3. FP16 kernels are plentiful on GPUs; BF16 kernels increasingly so on both CPUs & GPUs (Ampere+ / Sapphire Rapids). On unsupported hardware, PyTorch falls back to FP32.
4. **torch.set_default_dtype() changes the dtype only for *new tensors and layers you create afterward*. It doesn’t shrink the checkpoint you download; pretrained weights are still cast locally. Use it when *initializing* fresh models, but prefer the **torch_dtype=** flag (or dtype‑specific checkpoints) when loading Hugging Face models to save RAM right away.
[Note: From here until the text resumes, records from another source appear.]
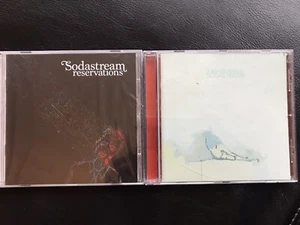 2  CDs :    SODASTREAM  -   Reservation  +  A Minor Revival ,  Rock Pop,     NEU - Bild 1 von 5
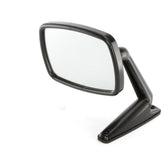 Caterham Style Satin Black Alloy Base Mirrors 137mm - Car Builder Solutions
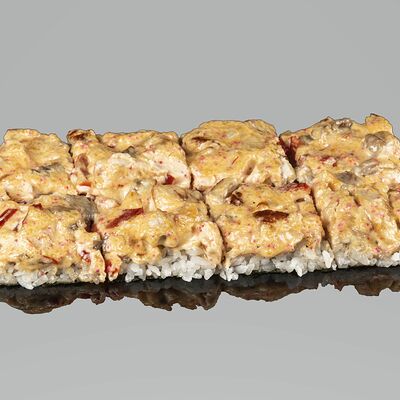 Суши-пицца с лососем в Мушу по цене 335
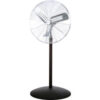 Airmaster Fan 71586 30 Inch Commercial Pedestal Fan - Non-Oscillating - 1/4 HP - 6100 CFM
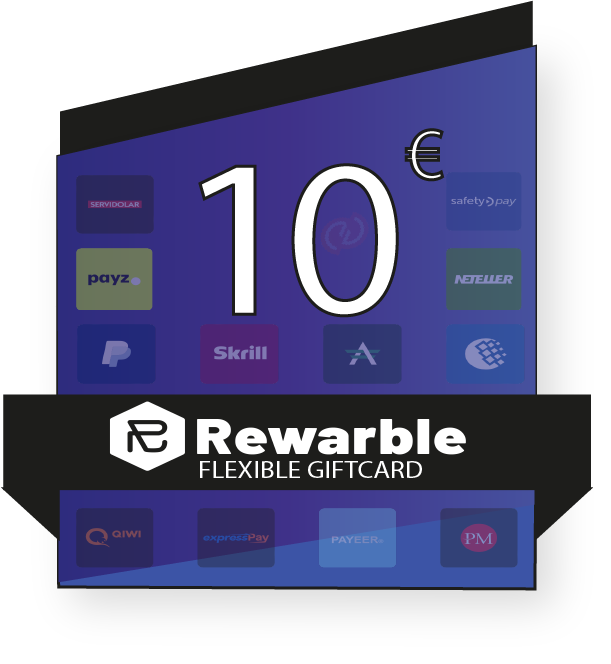 coupon Rewarble 10€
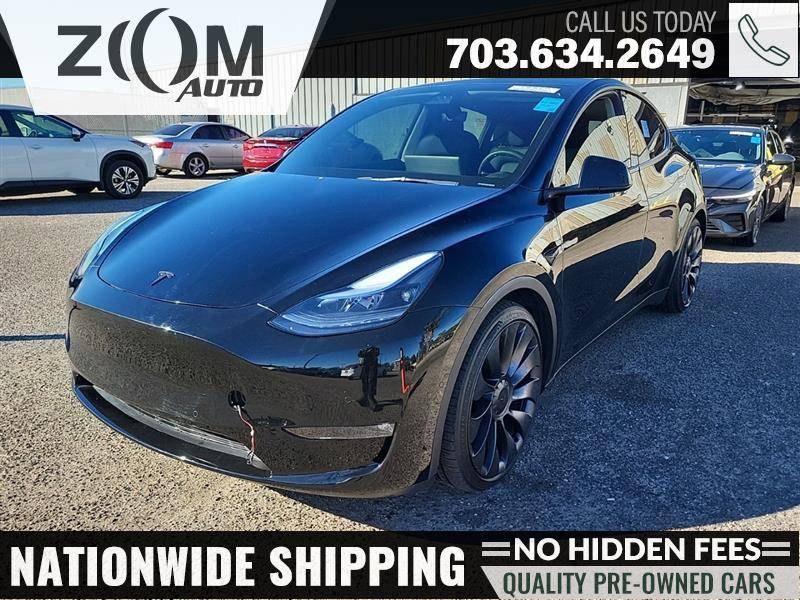 2022 Tesla Model Y Performance — SUV — 23,814 mi — Dumfries, VA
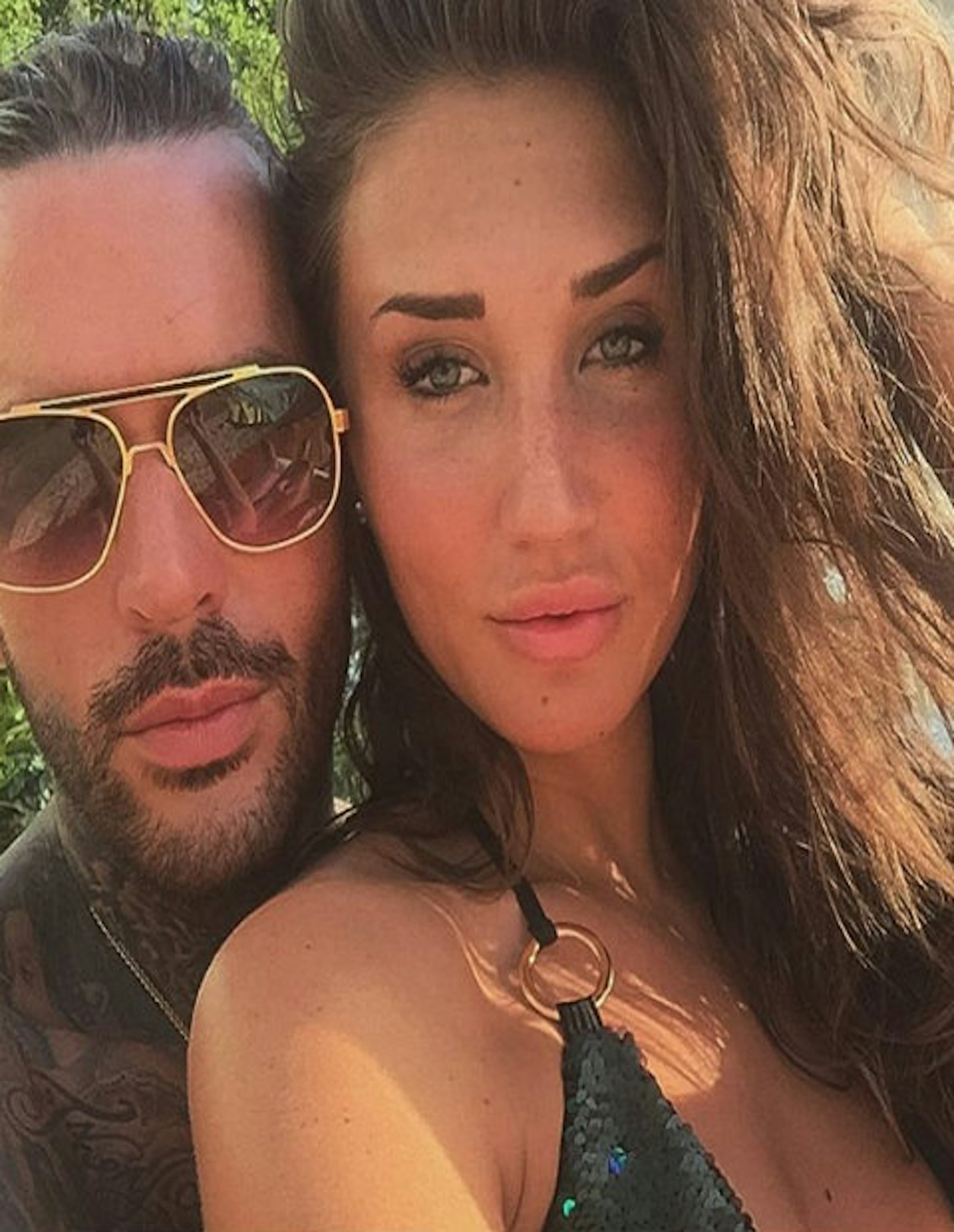 pete wicks and megan mckenna dubai hols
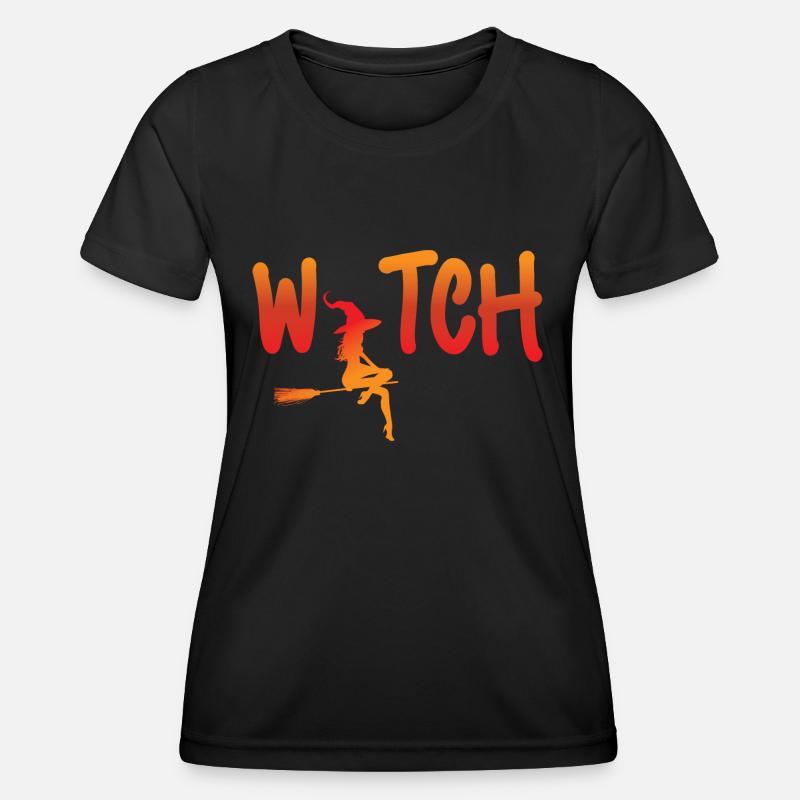 Witch - Women's Functional T-Shirt - black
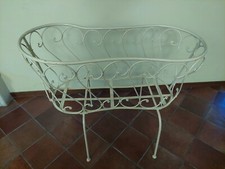 CULLA INIZI '900 IN FERRO BATTUTO ORIGINALE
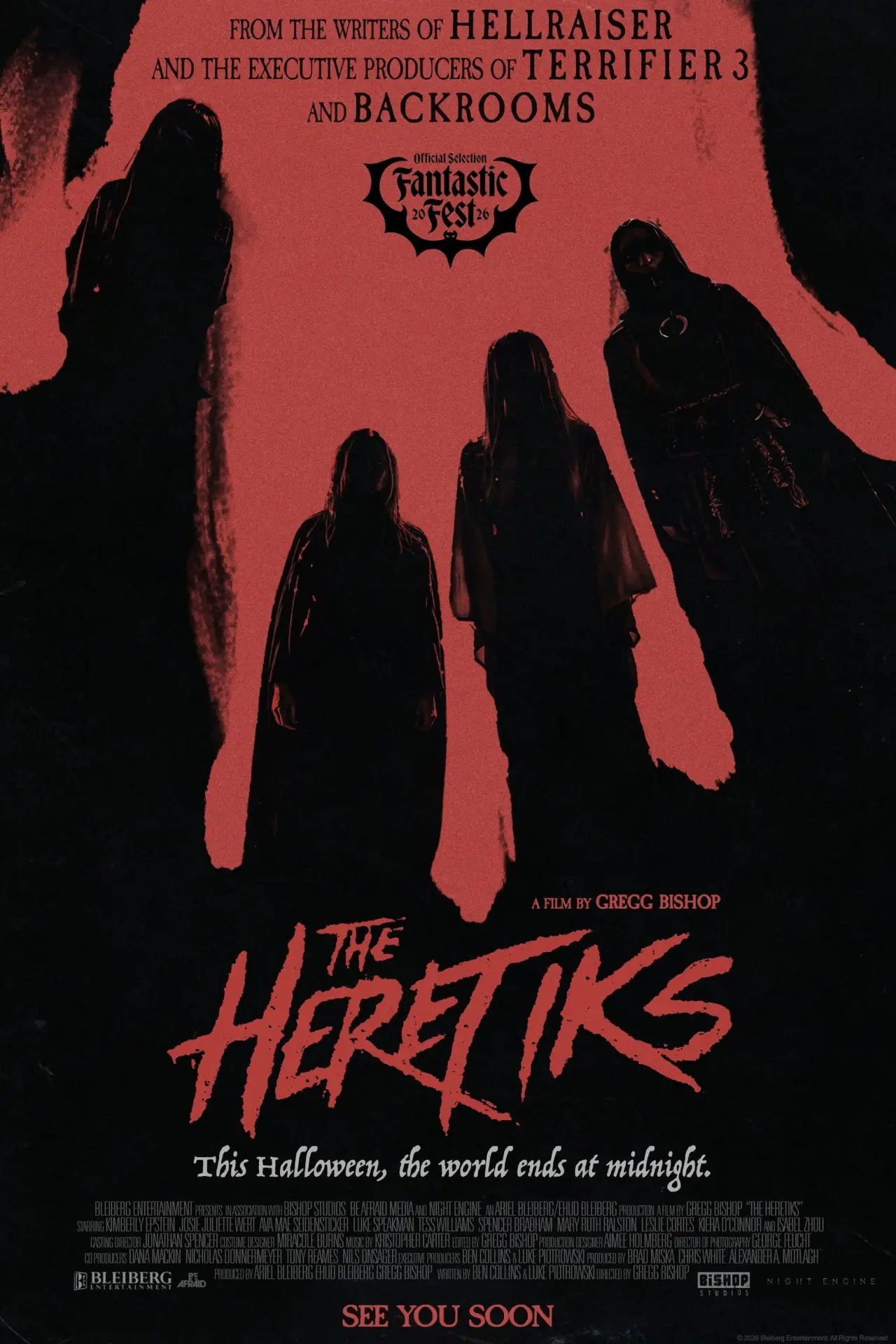 Plakat filmowy "The Heretiks"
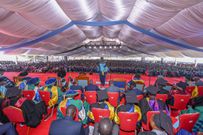 Graduates during the 23th graduation ceremony  at Masinde Muliro University in Kakamega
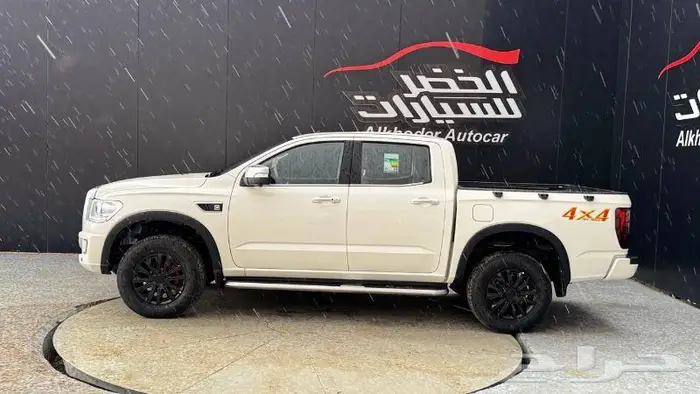 ZXAUTO جراند تايجر 2025 اتوماتيك لدى شركه الخضر 2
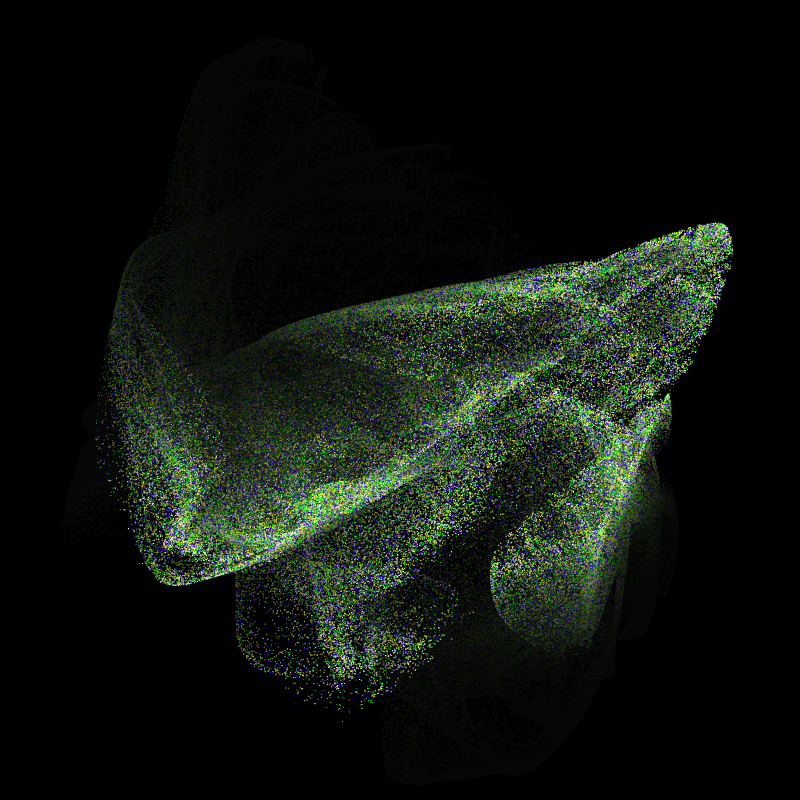 Fractal Amoeba #7 static token preview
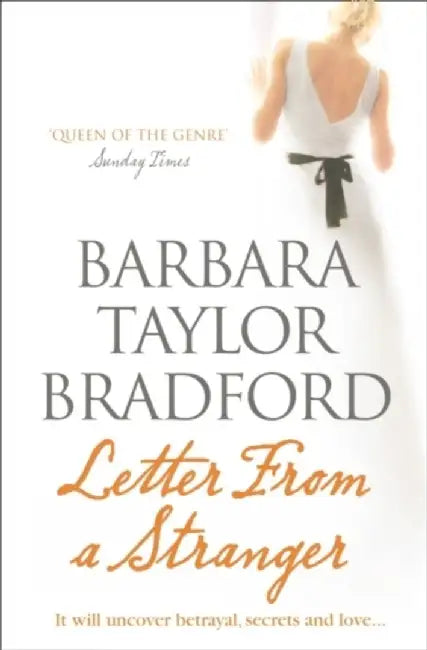 Letter from a Stranger by Barbara Taylor Bradford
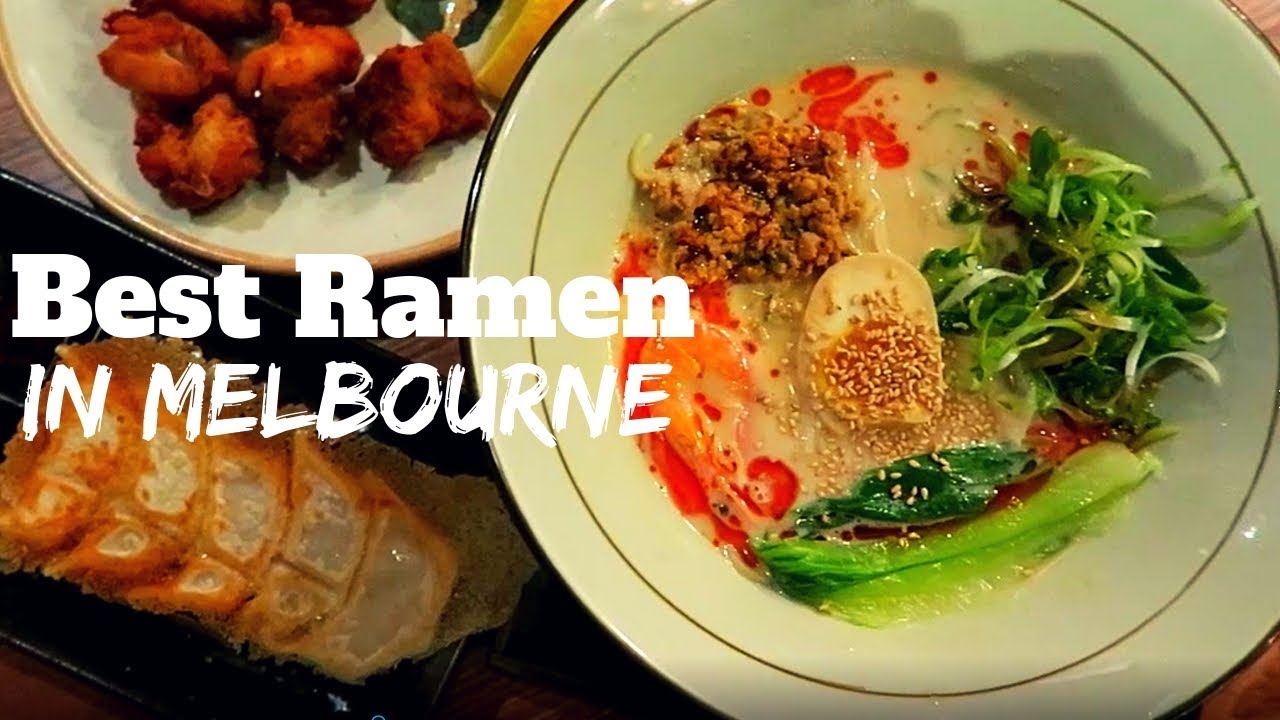 Melbourne Food Guide: BEST RAMEN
**Practical recommendations**
1. Loading pretrained models: pass **torch_dtype=torch.bfloat16** (or float16) to from_pretrained.
2. Building new modules from scratch: temporarily call **torch.set_default_dtype(desired_dtype)** then reset so the rest of your code isn’t surprised.
3. Casting after load **(model.half())**: fine for small models or quick tests, but avoid for multi-GB checkpoints on limited RAM/VRAM.